Nicholas Guild's Blood Ties Blog Tour with a Spotlight and Guest Post



I am so excited to have Nicholas Guild here at Paranormal and Romantic Suspense Reviews with a Spotlight and Guest Post.

Thanks Nicholas and TOR Books for allowing me to join your Blood Ties Blog Tour!

Please take it away, Nicholas!

 



INFORMATION ABOUT THE BOOK/AUTHOR

In BLOOD TIES, Guild explores in true psychologically thrilling fashion, the complexity of relationships and the chilling motives of what drives someone to murder.

BLOOD TIES is an elegant and frightening thriller about a serial killer pursued by a homicide detective and the killer’s own son.


Homicide detective Ellen Ridley of the SFPD is tracking a serial killer terrorizing young women in the San Francisco Bay Area. Ridley is sure she’s cornered her most likely suspect: Stephen Tregear, a hacker and code breaker who works for U.S. naval intelligence. But Tregear is not the killer he’s the killer’s son.

Ridley and Tregear team up to look for Tregear’s father, Walter, in an elaborate game of murderous cat and mouse. As the body count rises, Ridley must race against the clock to stop Walter before he kills any more women – and Tregear must finally confront the father who has been trying to kill him for twenty years.





About the Author 

NICHOLAS GUILD was born in Belmont, California and attended Occidental College and the University of California at Berkeley. He taught at Clemson and Ohio State before turning full time to writing fiction. He has published a dozen novels, several of which were international bestsellers including The Assyrian (1998), Blood Star (1989), and Angel (1995). Guild now lives in Fredrick, Maryland.

http://www.nicholasguild.com/

Guest Post

I wanted to say a few words about the relation of father and son in my new novel Blood Ties, as they are an extreme example of a dysfunctional family. Stephen (last name invented to protect himself from his father) loved his old man up to the age of eleven, when he figured out that Walter (last name invented to protect himself from the police) had killed his mother. Then, at age twelve, he found a woman’s dead body in Walter’s van and the suspicions about his father’s use of his leisure time crystallized into certainty.

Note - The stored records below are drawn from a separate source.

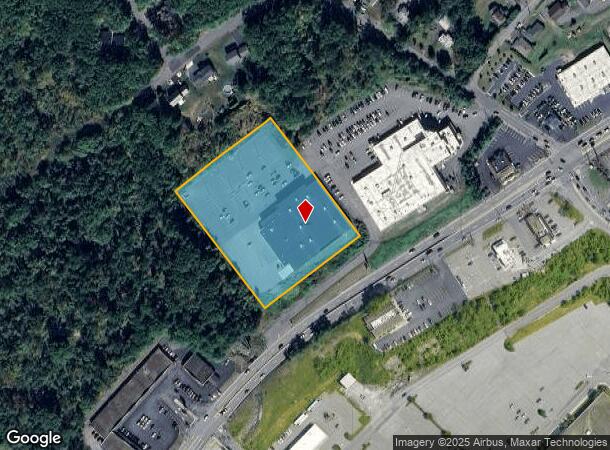  409 Scranton Cdale Hwy, Scranton, PA Parcel Map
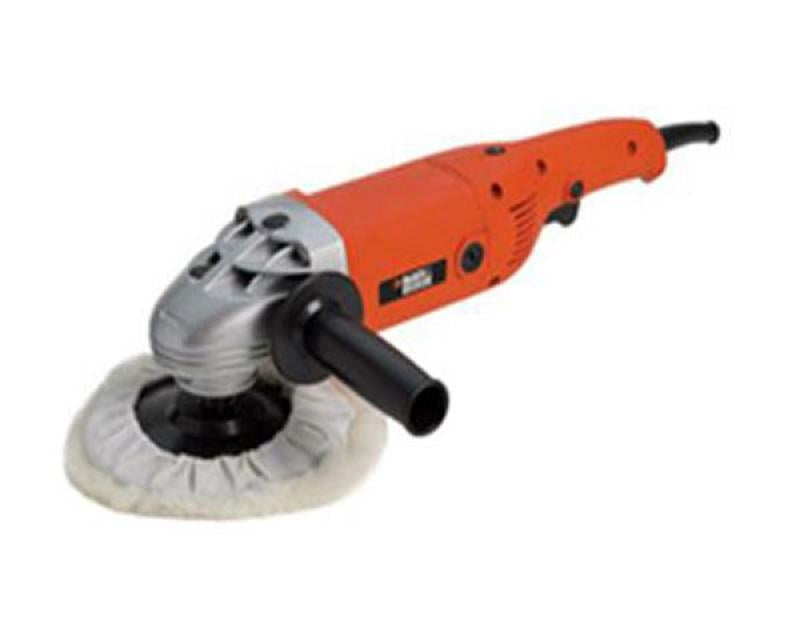 PULIDORA PROFESIONAL 7" (180mm) 1300W 1,000-3,000 RPM " B&D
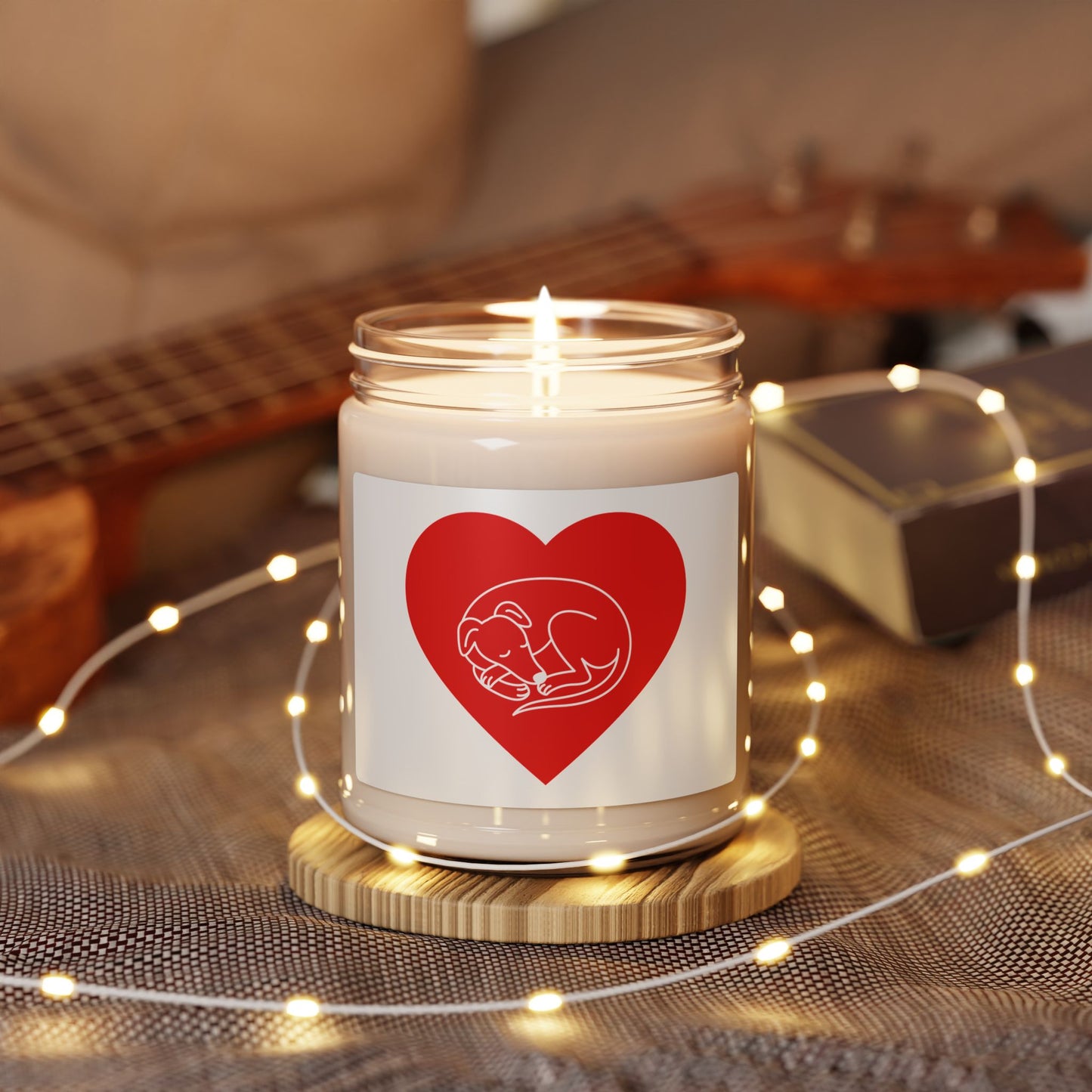 "Close to Your Heart" Scented Soy Candle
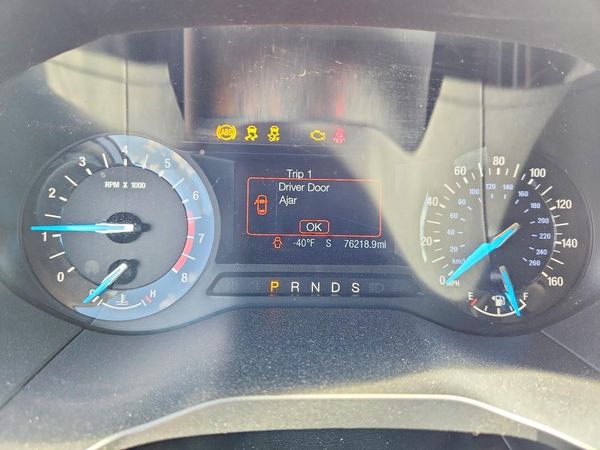 2017 FORD EDGE SE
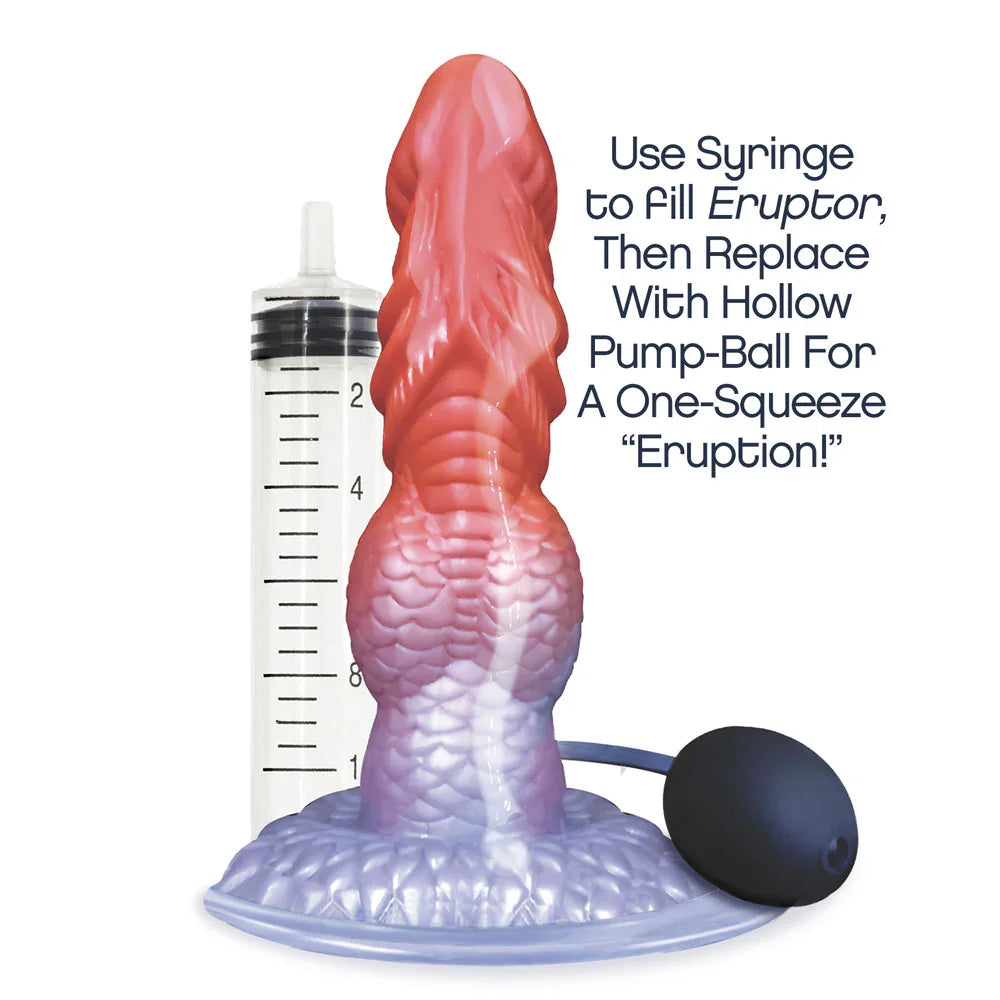 Alien Nation - Eruptor - 22.9 cm Squirting Fantasy Dildo - Take A Peek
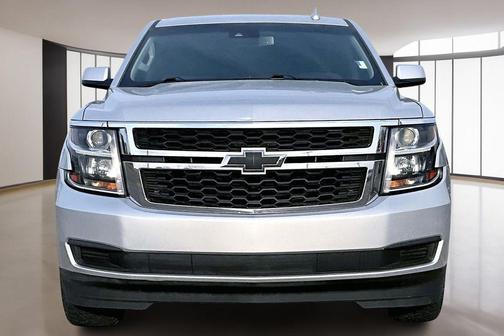 Silver Ice Metallic 2017 Chevrolet Tahoe LT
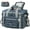 30Can Blue with Velcro Top, variant on Maelstrom Soft Sided Cooler Bag, 30/40 Can Collapsible Insulated Ice Chest, Large Leakproof Portable Storage for Camping, Travel, Kayaking & Beach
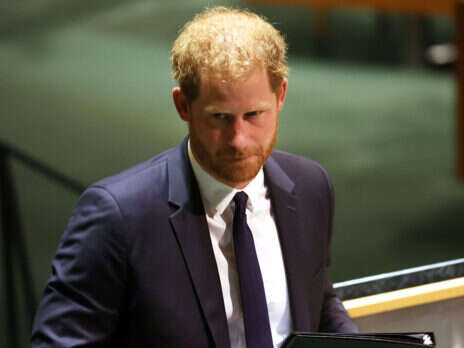 Prince Harry has broken the royals’ infantilising code of silence. It’s about time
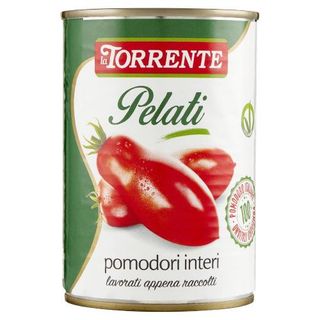 La Torrente Pelati Pomodori Interi 400 G - 009787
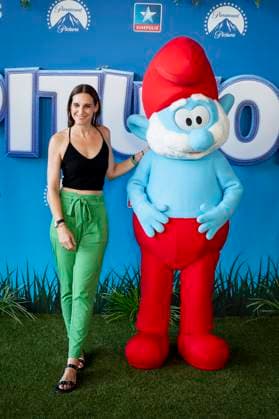 Pitufos Premiere, Madrid, Spain - 9 Jul 2025 Conchita attends to Pitufos Premiere at Kinepolis on July 9, 2025 in Madrid, Spain. (Credit: Miguel Escavias Alfa Images) Pozuelo de Alarcon Kinepolis Madrid Spain Copyright: x x2025xMiguelxEscavias AlfaxImagesx
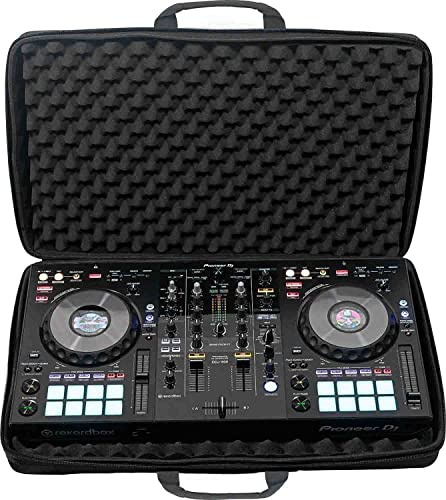 Pioneer DJ DJC-B2 Borsa per DDJ-800 e DDJ-SR2, Nero, Borsa Dj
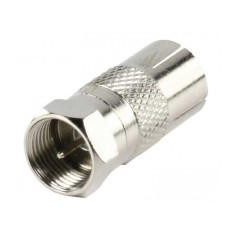 Adaptor F tata - Coaxial mama Valueline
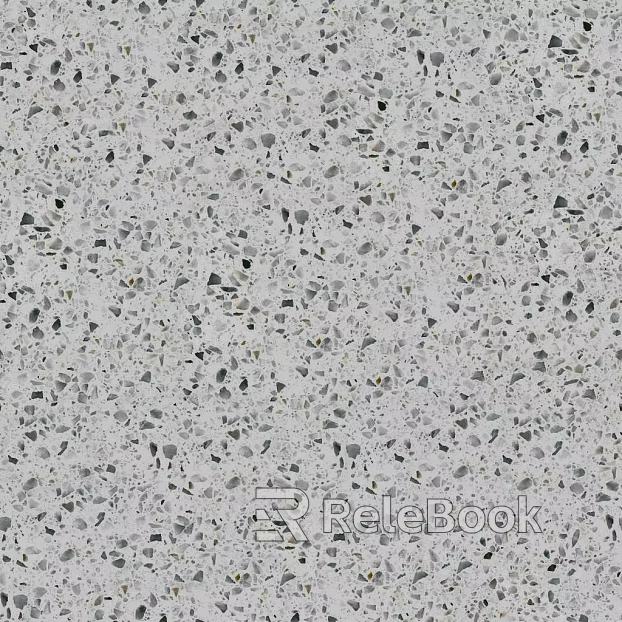 terrazzo imitation terrazzo gray floor tile seamless texture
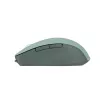 Pele ASUS SmartO MD200 Silent Plus — piemērota abām rokām RF bezvadu + Bluetooth, optiskā 4200 DPI, 6 pogas, zaļa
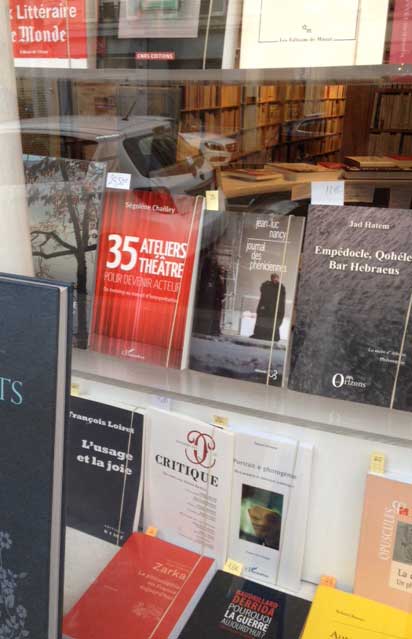 Livre-exercices-de-théâtre-Chailley-librairie-l'Harmattan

The story was generated out of a newspaper piece I read many years ago about a fellow who went around in his van picking up prostitutes and then killing them. He had a wife and children and the newspaper piece got me thinking about the burden such a person’s children must have to carry through life and what it would be like for the son, at a formative age, to discover what his father was up to.

Walter is a classic sociopath, with no capacity for either love or sympathy, tendencies hardened by his relationship with his own brutal, self-righteous father. He regards himself as essentially alone in the world. Other people are no more real to him than the villains in a computer game. This is simply the way he is wired.

Although both men have had to reinvent themselves in order to stay alive, in terms of character Stephen is his father’s polar opposite. He has inherited his father’s intelligence — serial killers are frequently highly intelligent — but he is far from being a monster. He feels a similar sense of being alone, but his isolation is imposed on him by his predicament. Stephen is the only person in the world his father is genuinely afraid of, and therefore Walter has made several attempts to kill him. Stephen knows that he can never have a normal life, can never allow himself to have ordinary human attachments, as long as his father is running around loose. Anyone he loves automatically becomes a target.

So father and son continue their strange dance through life. I hope you will enjoy listening to the music.